One of my favourite parts of travelling, especially in Venice, is the food. Bowls of delicious pasta, freshly caught sea food from the lagoon, creamy risotto which has been fondly nurtured by its chef, crisp pizza bases with oozing cheese, all washed down with a glass of pinot grigio or an Aperol Spritz with an olive.
Eating in Venice can be flamboyant and expensive. In fact, Venice is famed for being an expensive city on the whole but especially when it comes to food. The Grand Canal and the many squares of the city are lined with expensive and regal looking restaurants with gold leaf ceilings, white table cloths and fine china with menus which boast some unarguably magnificent dishes alongside an even greater bill.
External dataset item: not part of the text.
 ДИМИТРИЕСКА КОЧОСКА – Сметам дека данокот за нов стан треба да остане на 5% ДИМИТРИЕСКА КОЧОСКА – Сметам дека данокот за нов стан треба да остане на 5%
When it comes to eating out (anywhere in the world) I stand firmly against the saying “you get what you pay for” based entirely on the fact that I don’t feel comfortable dropping upwards of 250 euro on a meal for two, especially not when there are tasty morsels to be found in the small osterias found in the back streets (or calle) just a small walk from one of the ornate and grand restaurants.
You’ll see on many a travel guide that one of the number one tips is to avoid restaurants which boast a tourist menu (menu turtisco) or have photographs of uninspiring spaghetti bolognese on the window.
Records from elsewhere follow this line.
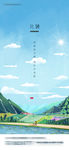 处暑节气原创手绘插画海报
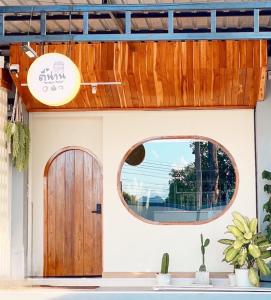 Fotografie z fotogalerie ubytování Teenan Hostel v destinaci Nan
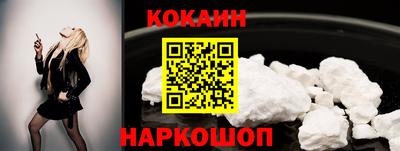 гашик Бузулук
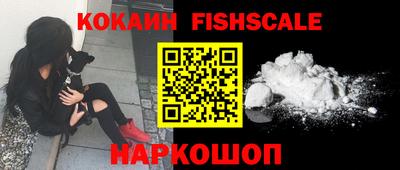 mdma Камышлов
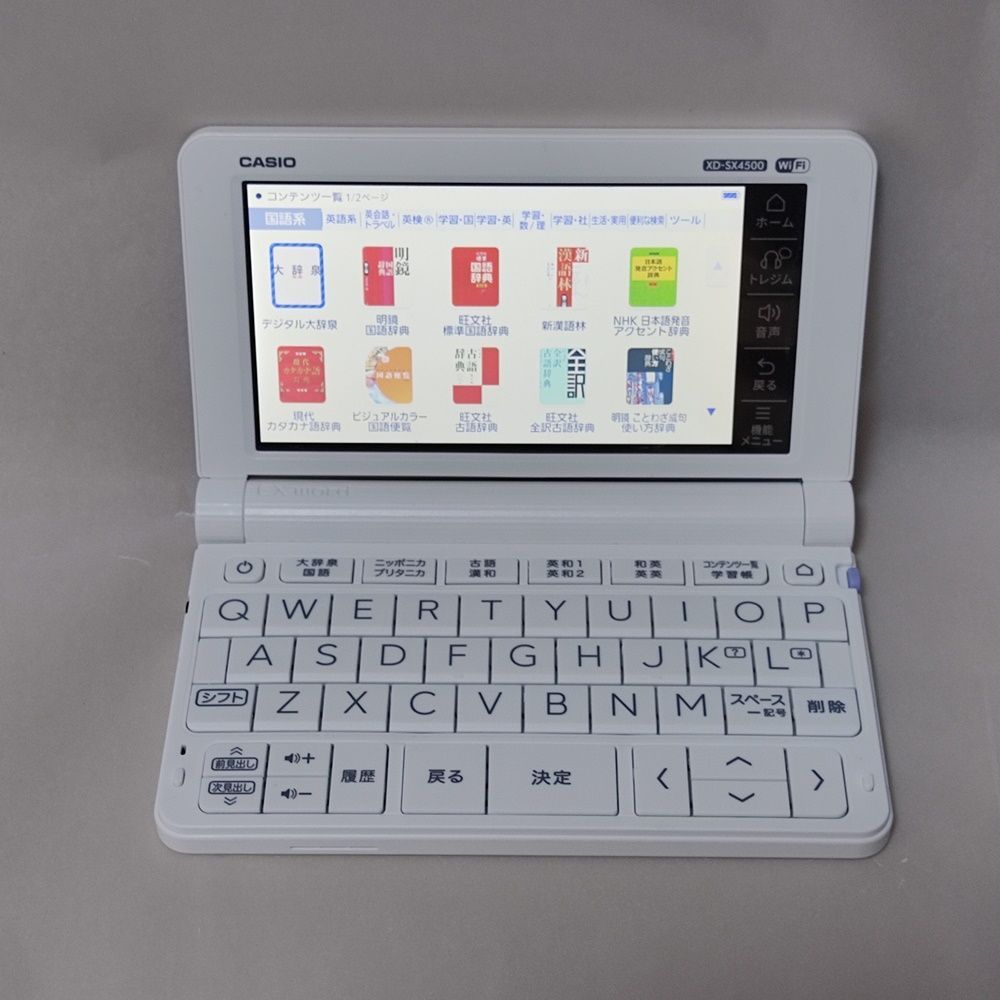 XD-SX4500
“Follow the locals” the guides will say, eat where they eat, drink where they drink and not only will you eat some real local dishes, you’ll also save yourself a few euro.
Look instead in the calles in the more residential areas of the city where you’ll find a crowd of local Venetians huddled come lunchtime or the small restaurants which emit a subtle yellow glow from its windows onto the cobbled streets come dinner time packed to the rafters with its diners slugging red wine from carafes and talking animatedly. These restaurants serve the tastiest local cuisines at a fraction of the price of the bigger restaurants without scrimping on flavour and often come with a better ambience.
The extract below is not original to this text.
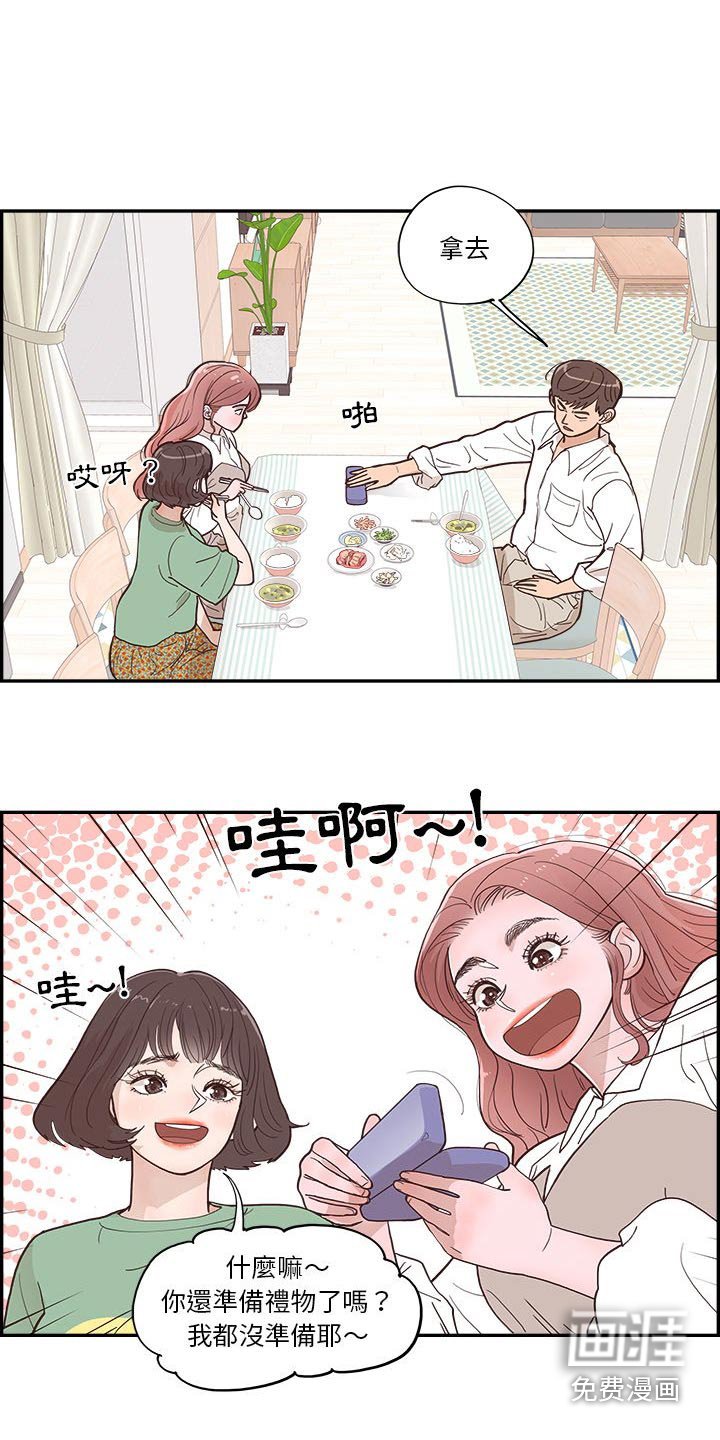 第27章：礼物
Often these little restaurants shy away from a set menu and prepare their dishes based on whats hot and whats not at the Rialto Market that day so be sure to ask your server whether they have any specials
Some particular favourites of mine are La Cantina, Paradiso Perduto, Trattoria Alla Madonna and Ristorante Al Paradiso.
The best way to eat on a budget as you explore Venice is Ciccheti. In fact, it will actually help you explore Venice.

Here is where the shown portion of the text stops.